*Data below*.
--- START ---

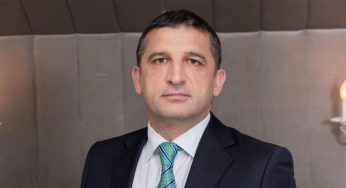 Cum a ajuns un partid pro-european, pentru prima dată în istoria Republicii Moldova, să obțină o majoritate absolută în Parlament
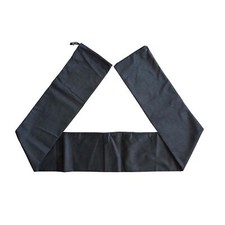 Recurvebogenhülle Bogenhülle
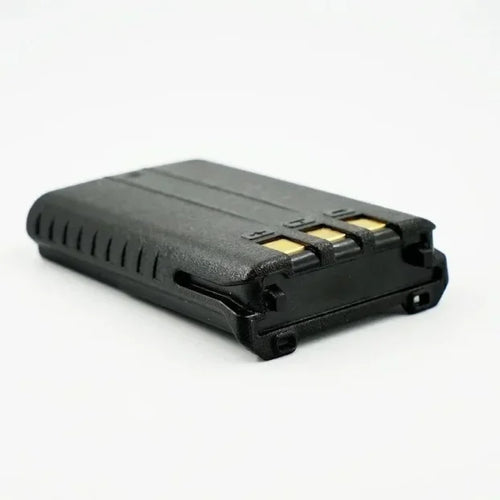 Baterija BL-5 za Baofeng UV-5R 2800 mAh - slika 2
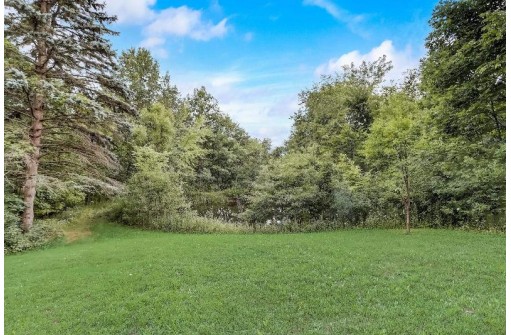 E7202 Seeley Creek Drive, Loganville, WI 53943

--- END ---

Please write out all of the data verbatim, with no pictures in the copy.

 Cum a ajuns un partid pro-european, pentru prima dată în istoria Republicii Moldova, să obțină o majoritate absolută în Parlament
 Recurvebogenhülle Bogenhülle
 Baterija BL-5 za Baofeng UV-5R 2800 mAh - slika 2
 E7202 Seeley Creek Drive, Loganville, WI 53943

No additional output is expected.